The IPv4 address that uses the same number for each of the four bytes (i.e., 255.255.255.255), is a broadcast address. Packets sent to this address are received by all nodes on the local network, though they are not routed beyond the local network. This is commonly used for discovery. For instance, when an ephemeral client such as a laptop boots up, it will send a particular message to 255.255.255.255 to find the local DHCP server. All nodes on the network receive the packet, but only the DHCP server responds. In particular, it sends the laptop information about the local network configuration, including the IP address that laptop should use for the remainder of its session and the address of a DNS server it can use to resolve hostnames.

Ports

Addresses would be all you needed if each computer did no more than one thing at a time. However, modern computers do many different things at once. Email needs to be separated from FTP requests, which need to be separated from web traffic. This is accomplished through ports. Each computer with an IP address has several thousand logical ports (65,535 per transport layer protocol, to be precise). These are purely abstractions in the computer’s memory and do not represent anything physical, like a USB port. Each port is identified by a number between 1 and 65535. Each port can be allocated to a particular service.

For example, HTTP, the underlying protocol of the Web, commonly uses port 80. We say that a web server listens on port 80 for incoming connections. When data is sent to a web server on a particular machine at a particular IP address, it is also sent to a particular port (usually port 80) on that machine. The receiver checks each packet it sees for the port and sends the data to any program that is listening to that port. This is how different types of traffic are sorted out.

Port numbers between 1 and 1023 are reserved for well-known services like finger, FTP, HTTP, and IMAP. On Unix systems, including Linux and Mac OS X, only programs running as root can receive data from these ports, but all programs may send data to them. On Windows, any program may use these ports without special privileges. Table 1-1 shows the well-known ports for the protocols that are discussed in this book. These assignments are not absolutely guaranteed; in particular, web servers often run on ports other than 80, either because multiple servers need to run on the same machine or because the person who installed the server doesn’t have the root privileges needed to run it on port 80. On Unix systems, a fairly complete listing of assigned ports is stored in the file /etc/services.
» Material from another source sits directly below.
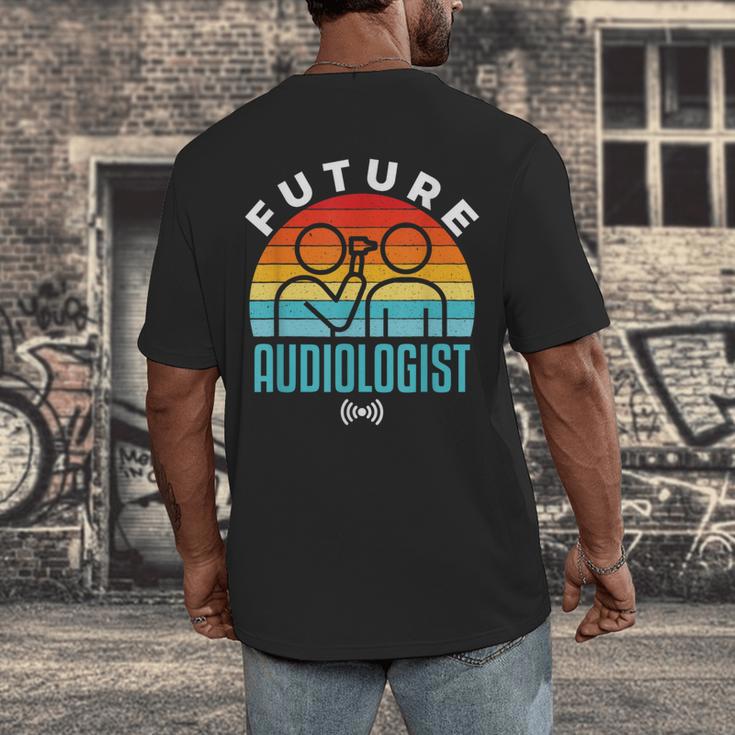 Future Audiologist Cool Audiology Student Graduation Men's Back Print T-Shirt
Table 1-1. Well-known port assignments

Protocol

Port

Protocol

Purpose

echo

7

TCP/UDP

Echo is a test protocol used to verify that two machines are able to connect by having one echo back the other’s input.

discard

9

TCP/UDP

Discard is a less useful test protocol in which all data received by the server is ignored.

daytime

13

TCP/UDP

Provides an ASCII representation of the current time on the server.

FTP data

20

TCP

FTP uses two well-known ports. This port is used to transfer files.

FTP

21

TCP

This port is used to send FTP commands like put and get.

SSH

22

TCP

Used for encrypted, remote logins.

Telnet

23

TCP

Used for interactive, remote command-line sessions.

smtp

25

TCP

The Simple Mail Transfer Protocol is used to send email between machines.

time

37

TCP/UDP

A time server returns the number of seconds that have elapsed on the server since midnight, January 1, 1900, as a four-byte, unsigned, big-endian integer.

whois

43

TCP

A simple directory service for Internet network administrators.

finger

79

TCP

A service that returns information about a user or users on the local system.

HTTP

80

TCP

The underlying protocol of the World Wide Web.

POP3

110

TCP

Post Office Protocol version 3 is a protocol for the transfer of accumulated email from the host to sporadically connected clients.

NNTP

119

TCP

Usenet news transfer; more formally known as the “Network News Transfer Protocol.”

IMAP

143

TCP

Internet Message Access Protocol is a protocol for accessing mailboxes stored on a server.

dict

2628

TCP

A UTF-8 encoded dictionary service that provides definitions of words.

The Internet

The Internet is the world’s largest IP-based network. It is an amorphous group of computers in many different countries on all seven continents (Antarctica included) that talk to one another using IP protocols. Each computer on the Internet has at least one IP address by which it can be identified. Many of them also have at least one name that maps to that IP address. The Internet is not owned by anyone, although pieces of it are. It is not governed by anyone, which is not to say that some governments don’t try. It is simply a very large collection of computers that have agreed to talk to one another in a standard way.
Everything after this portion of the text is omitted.